Personal information
- Full name: Kenan Karišik
- Date of birth: 23 April 1987 (age 39)
- Place of birth: Sjenica, SFR Yugoslavia
- Height: 1.87 m (6 ft 2 in)
- Position: Midfielder

Team information
- Current team: Bayrampaşaspor

Youth career
- 1999–2005: Yıldırım Bosna

Senior career*
- Years: Team / Apps / (Gls)
- 2005–2006: Yıldırım Bosna / 22 / (0)
- 2006–2007: Altınordu / 9 / (0)
- 2007–2011: Nazilli Belediyespor / 105 / (7)
- 2011–2012: Konya Şeker / 27 / (2)
- 2012–2013: Anadolu Selçukluspor / 26 / (4)
- 2013–2014: Fethiyespor / 32 / (3)
- 2014–2016: Şanlıurfaspor / 42 / (3)
- 2016: Akhisar Belediyespor / 0 / (0)
- 2016–2017: Altınordu / 13 / (1)
- 2017–2018: Samsunspor / 38 / (1)
- 2018–2019: Adanaspor / 16 / (0)
- 2019–2020: Bayrampaşaspor / 5 / (0)

= Kenan Karisik =

Bosnian-Turkish footballer (born 1987)

Kenan Karišik (born 23 April 1987), is a Bosnian-Turkish former professional footballer.
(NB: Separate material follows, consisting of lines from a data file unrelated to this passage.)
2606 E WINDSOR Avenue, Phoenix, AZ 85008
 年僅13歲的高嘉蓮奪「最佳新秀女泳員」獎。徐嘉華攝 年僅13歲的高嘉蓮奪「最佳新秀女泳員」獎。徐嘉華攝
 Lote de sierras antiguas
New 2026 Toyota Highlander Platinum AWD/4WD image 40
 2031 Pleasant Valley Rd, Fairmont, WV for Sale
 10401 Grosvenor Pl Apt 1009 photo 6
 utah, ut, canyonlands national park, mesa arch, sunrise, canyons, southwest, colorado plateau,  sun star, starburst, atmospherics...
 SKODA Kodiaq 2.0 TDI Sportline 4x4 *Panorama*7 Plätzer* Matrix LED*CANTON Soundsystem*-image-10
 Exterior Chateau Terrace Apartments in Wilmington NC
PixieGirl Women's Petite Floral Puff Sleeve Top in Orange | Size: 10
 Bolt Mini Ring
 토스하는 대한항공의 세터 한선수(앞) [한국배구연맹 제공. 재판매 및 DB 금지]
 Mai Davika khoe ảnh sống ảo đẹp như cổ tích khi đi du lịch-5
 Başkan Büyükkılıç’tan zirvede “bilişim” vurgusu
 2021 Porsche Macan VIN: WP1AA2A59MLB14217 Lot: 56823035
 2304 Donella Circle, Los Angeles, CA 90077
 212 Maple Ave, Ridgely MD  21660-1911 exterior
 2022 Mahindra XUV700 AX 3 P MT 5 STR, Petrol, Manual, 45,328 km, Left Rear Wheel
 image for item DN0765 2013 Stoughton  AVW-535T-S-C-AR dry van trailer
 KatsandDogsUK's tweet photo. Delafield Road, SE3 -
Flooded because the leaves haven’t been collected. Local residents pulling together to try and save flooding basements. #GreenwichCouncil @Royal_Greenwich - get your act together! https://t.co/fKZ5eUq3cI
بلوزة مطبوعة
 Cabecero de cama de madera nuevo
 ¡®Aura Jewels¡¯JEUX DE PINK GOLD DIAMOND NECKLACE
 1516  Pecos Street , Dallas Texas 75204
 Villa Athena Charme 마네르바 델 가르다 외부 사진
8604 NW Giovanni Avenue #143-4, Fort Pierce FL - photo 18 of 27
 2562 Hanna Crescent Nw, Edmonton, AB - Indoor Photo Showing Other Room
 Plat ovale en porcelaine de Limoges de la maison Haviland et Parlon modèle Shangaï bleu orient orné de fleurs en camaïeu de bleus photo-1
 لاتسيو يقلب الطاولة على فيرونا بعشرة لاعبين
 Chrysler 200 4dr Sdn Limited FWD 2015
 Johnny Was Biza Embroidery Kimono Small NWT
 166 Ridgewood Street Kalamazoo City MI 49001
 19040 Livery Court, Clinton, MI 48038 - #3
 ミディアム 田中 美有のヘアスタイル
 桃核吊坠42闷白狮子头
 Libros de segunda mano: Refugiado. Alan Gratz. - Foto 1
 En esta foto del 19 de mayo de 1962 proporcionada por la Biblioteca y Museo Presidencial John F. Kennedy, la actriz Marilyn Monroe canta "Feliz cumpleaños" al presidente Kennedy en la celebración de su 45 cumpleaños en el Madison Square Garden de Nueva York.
He was born in Sjenica, SFR Yugoslavia and has dual citizenship, Bosnian and Turkish.

==Club career==

He played with Fethiyespor in the Turkish First League, then between 2014 and 2016 he played with Şanlıurfaspor in the Turkish First League, and in 2016 he joined Akhisar Belediyespor and is playing the Turkish Super League.